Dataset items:
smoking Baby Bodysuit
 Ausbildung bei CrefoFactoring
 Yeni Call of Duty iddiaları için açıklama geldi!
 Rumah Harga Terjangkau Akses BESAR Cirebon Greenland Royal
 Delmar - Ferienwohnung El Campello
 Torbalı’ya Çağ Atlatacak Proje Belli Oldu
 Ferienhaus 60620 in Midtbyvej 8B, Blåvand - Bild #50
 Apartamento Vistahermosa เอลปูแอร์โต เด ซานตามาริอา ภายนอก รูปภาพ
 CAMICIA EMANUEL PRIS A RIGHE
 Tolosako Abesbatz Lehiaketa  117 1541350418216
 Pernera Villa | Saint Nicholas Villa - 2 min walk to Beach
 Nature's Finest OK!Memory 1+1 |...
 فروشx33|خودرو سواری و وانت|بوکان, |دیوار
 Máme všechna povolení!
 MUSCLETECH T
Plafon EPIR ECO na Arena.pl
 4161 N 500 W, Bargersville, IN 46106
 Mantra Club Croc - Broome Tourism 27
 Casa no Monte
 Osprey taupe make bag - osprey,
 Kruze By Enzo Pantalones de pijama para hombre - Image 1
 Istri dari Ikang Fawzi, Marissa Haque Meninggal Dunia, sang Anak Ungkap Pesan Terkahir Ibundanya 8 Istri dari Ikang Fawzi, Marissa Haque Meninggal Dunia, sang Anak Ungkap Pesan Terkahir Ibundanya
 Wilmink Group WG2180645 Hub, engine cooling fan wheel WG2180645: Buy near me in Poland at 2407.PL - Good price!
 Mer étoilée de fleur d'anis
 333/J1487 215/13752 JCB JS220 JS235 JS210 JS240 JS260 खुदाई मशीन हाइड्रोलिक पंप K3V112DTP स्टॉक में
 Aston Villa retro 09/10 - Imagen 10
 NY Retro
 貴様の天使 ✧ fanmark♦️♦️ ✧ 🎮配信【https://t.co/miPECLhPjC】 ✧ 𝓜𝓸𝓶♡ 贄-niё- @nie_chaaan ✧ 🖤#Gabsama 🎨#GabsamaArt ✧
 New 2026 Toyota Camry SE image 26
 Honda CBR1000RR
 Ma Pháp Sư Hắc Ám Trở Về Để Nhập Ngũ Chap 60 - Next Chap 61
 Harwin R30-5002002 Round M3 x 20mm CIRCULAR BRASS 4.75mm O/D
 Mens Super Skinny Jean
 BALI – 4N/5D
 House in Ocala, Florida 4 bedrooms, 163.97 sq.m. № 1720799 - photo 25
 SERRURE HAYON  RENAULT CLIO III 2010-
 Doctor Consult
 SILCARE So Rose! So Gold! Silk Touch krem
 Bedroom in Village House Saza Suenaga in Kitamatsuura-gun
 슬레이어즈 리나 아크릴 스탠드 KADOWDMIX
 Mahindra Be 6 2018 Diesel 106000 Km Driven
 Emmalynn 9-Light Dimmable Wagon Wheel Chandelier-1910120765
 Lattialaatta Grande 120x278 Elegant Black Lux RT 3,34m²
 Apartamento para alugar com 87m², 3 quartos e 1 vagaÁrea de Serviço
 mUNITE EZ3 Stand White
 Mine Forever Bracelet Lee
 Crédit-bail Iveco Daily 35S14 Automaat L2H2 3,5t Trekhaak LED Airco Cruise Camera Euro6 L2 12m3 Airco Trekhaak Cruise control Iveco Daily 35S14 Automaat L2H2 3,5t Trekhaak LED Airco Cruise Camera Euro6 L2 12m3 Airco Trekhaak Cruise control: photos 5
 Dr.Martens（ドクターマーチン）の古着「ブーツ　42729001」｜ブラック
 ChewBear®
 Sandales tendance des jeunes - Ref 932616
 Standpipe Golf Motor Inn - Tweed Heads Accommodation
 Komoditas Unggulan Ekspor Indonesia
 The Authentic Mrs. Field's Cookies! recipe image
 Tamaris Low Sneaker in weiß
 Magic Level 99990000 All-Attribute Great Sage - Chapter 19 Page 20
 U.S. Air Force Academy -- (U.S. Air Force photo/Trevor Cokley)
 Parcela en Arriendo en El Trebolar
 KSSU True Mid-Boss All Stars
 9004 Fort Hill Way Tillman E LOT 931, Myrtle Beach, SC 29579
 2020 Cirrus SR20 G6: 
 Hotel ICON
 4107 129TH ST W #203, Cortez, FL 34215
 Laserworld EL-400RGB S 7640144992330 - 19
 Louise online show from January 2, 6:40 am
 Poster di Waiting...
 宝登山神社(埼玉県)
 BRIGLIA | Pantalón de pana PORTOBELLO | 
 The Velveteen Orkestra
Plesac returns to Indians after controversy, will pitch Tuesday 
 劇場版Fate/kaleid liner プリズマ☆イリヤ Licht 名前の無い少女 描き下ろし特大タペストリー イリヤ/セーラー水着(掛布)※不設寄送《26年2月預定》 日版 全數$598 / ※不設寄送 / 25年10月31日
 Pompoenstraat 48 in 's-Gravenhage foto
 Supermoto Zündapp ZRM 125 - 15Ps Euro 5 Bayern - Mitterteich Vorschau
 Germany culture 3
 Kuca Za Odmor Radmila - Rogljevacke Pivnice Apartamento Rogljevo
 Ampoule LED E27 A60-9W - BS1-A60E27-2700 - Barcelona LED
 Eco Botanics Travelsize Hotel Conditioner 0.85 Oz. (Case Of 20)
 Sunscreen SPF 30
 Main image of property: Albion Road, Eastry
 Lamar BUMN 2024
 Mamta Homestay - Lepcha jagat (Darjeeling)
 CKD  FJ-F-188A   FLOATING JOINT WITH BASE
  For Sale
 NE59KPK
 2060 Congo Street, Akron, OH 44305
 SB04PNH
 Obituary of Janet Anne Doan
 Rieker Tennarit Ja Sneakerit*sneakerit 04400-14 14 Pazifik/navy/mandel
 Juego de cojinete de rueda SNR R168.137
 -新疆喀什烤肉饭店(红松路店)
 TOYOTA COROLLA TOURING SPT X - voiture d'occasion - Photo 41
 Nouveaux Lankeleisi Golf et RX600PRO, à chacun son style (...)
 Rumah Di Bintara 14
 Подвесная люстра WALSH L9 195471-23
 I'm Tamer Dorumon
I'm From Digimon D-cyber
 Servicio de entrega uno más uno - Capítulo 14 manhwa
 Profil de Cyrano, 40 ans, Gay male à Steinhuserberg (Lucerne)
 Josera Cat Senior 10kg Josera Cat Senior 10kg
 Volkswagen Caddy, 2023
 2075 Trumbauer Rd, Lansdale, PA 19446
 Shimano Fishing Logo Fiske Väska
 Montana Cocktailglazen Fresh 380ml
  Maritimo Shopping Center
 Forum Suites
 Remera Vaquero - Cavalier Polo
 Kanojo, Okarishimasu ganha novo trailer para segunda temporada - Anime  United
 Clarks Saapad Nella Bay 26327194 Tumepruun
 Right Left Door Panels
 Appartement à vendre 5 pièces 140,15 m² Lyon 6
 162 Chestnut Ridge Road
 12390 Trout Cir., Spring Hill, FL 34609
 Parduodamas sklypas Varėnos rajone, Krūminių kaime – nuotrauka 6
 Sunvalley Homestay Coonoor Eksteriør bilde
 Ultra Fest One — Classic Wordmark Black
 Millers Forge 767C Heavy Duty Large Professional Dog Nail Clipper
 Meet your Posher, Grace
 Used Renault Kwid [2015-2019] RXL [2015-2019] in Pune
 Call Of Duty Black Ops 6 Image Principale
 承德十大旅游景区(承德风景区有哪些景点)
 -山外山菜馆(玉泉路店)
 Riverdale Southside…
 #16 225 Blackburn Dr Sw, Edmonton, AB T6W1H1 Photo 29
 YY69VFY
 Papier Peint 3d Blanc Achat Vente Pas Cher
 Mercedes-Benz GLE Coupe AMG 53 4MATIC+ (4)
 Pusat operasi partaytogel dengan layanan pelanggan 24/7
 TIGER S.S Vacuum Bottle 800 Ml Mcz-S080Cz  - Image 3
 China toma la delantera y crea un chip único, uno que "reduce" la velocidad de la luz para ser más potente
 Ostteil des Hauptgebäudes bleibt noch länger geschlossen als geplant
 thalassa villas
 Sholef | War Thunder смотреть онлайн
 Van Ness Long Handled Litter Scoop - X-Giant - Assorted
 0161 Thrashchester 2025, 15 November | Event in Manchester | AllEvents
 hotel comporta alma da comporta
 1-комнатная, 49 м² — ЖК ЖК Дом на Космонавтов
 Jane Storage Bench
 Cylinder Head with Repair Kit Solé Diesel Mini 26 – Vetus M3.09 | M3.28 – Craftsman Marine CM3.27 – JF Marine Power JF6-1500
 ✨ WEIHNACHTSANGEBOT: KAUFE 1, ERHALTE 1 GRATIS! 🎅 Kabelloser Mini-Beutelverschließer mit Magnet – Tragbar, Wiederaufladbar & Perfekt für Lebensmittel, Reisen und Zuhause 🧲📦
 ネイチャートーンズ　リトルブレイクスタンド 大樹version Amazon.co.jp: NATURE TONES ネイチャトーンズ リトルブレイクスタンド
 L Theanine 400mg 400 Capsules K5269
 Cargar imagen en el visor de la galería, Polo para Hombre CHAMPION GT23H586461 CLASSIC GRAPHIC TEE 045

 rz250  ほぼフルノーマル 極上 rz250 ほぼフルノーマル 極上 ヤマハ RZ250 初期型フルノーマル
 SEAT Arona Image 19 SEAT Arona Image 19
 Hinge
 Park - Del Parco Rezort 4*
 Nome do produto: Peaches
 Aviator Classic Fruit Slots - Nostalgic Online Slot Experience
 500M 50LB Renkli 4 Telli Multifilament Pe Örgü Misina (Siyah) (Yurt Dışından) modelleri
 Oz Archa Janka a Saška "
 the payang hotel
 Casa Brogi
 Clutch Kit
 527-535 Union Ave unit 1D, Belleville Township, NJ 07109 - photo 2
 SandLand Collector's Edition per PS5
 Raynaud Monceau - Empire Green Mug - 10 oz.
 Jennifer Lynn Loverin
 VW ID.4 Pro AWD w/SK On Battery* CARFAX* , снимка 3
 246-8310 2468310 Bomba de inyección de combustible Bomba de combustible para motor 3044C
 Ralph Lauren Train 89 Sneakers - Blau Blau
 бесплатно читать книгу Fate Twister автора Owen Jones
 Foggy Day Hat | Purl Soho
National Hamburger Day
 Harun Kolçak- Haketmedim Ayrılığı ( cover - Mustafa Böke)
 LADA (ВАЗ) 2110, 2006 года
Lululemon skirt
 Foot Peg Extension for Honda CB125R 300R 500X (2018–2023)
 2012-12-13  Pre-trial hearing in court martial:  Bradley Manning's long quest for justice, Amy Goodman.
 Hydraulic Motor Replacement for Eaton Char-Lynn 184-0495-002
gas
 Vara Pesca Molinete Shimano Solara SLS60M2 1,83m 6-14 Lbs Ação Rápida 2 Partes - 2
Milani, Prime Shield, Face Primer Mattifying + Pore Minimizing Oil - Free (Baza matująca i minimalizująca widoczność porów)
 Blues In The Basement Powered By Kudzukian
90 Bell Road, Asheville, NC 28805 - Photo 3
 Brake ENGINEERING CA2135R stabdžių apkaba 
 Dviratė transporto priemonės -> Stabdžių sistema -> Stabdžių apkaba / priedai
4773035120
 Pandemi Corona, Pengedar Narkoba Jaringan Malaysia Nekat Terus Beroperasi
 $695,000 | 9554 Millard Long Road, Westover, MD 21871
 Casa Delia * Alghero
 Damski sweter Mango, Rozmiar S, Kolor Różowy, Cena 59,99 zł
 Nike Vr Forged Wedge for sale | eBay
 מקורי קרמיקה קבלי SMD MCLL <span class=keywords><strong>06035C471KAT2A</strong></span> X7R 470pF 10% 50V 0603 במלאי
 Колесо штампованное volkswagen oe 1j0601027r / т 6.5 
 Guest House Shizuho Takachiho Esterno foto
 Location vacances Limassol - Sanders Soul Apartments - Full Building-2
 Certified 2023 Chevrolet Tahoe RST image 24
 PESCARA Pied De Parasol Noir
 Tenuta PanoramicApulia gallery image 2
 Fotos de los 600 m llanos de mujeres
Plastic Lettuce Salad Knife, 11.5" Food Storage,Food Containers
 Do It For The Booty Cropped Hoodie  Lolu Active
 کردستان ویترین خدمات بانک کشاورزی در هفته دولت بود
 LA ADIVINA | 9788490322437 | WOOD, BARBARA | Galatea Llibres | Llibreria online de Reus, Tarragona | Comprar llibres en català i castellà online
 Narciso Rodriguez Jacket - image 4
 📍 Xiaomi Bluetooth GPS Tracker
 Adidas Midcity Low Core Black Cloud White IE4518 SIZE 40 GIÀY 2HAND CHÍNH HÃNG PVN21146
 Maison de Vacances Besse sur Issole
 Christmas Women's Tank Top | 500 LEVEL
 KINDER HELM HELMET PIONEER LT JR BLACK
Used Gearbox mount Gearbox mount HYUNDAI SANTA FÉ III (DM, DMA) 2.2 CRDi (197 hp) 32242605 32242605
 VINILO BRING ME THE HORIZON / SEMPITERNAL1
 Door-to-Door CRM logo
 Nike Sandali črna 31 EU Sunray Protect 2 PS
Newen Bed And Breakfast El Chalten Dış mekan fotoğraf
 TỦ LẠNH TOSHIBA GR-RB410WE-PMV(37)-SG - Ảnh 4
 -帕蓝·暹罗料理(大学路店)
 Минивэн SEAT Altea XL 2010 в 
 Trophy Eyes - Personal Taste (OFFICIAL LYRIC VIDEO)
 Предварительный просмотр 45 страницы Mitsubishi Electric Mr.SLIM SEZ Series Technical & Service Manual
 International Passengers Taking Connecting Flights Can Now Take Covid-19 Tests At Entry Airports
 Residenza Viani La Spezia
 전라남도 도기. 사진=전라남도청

TO DO. Could you set down, word for word, only the lines above from the line with "Volkswagen Caddy, 2023" to the line with "Cylinder Head with", including both?

RESULT OF THE TASK.
 Volkswagen Caddy, 2023
 2075 Trumbauer Rd, Lansdale, PA 19446
 Shimano Fishing Logo Fiske Väska
 Montana Cocktailglazen Fresh 380ml
  Maritimo Shopping Center
 Forum Suites
 Remera Vaquero - Cavalier Polo
 Kanojo, Okarishimasu ganha novo trailer para segunda temporada - Anime  United
 Clarks Saapad Nella Bay 26327194 Tumepruun
 Right Left Door Panels
 Appartement à vendre 5 pièces 140,15 m² Lyon 6
 162 Chestnut Ridge Road
 12390 Trout Cir., Spring Hill, FL 34609
 Parduodamas sklypas Varėnos rajone, Krūminių kaime – nuotrauka 6
 Sunvalley Homestay Coonoor Eksteriør bilde
 Ultra Fest One — Classic Wordmark Black
 Millers Forge 767C Heavy Duty Large Professional Dog Nail Clipper
 Meet your Posher, Grace
 Used Renault Kwid [2015-2019] RXL [2015-2019] in Pune
 Call Of Duty Black Ops 6 Image Principale
 承德十大旅游景区(承德风景区有哪些景点)
 -山外山菜馆(玉泉路店)
 Riverdale Southside…
 #16 225 Blackburn Dr Sw, Edmonton, AB T6W1H1 Photo 29
 YY69VFY
 Papier Peint 3d Blanc Achat Vente Pas Cher
 Mercedes-Benz GLE Coupe AMG 53 4MATIC+ (4)
 Pusat operasi partaytogel dengan layanan pelanggan 24/7
 TIGER S.S Vacuum Bottle 800 Ml Mcz-S080Cz  - Image 3
 China toma la delantera y crea un chip único, uno que "reduce" la velocidad de la luz para ser más potente
 Ostteil des Hauptgebäudes bleibt noch länger geschlossen als geplant
 thalassa villas
 Sholef | War Thunder смотреть онлайн
 Van Ness Long Handled Litter Scoop - X-Giant - Assorted
 0161 Thrashchester 2025, 15 November | Event in Manchester | AllEvents
 hotel comporta alma da comporta
 1-комнатная, 49 м² — ЖК ЖК Дом на Космонавтов
 Jane Storage Bench
 Cylinder Head with Repair Kit Solé Diesel Mini 26 – Vetus M3.09 | M3.28 – Craftsman Marine CM3.27 – JF Marine Power JF6-1500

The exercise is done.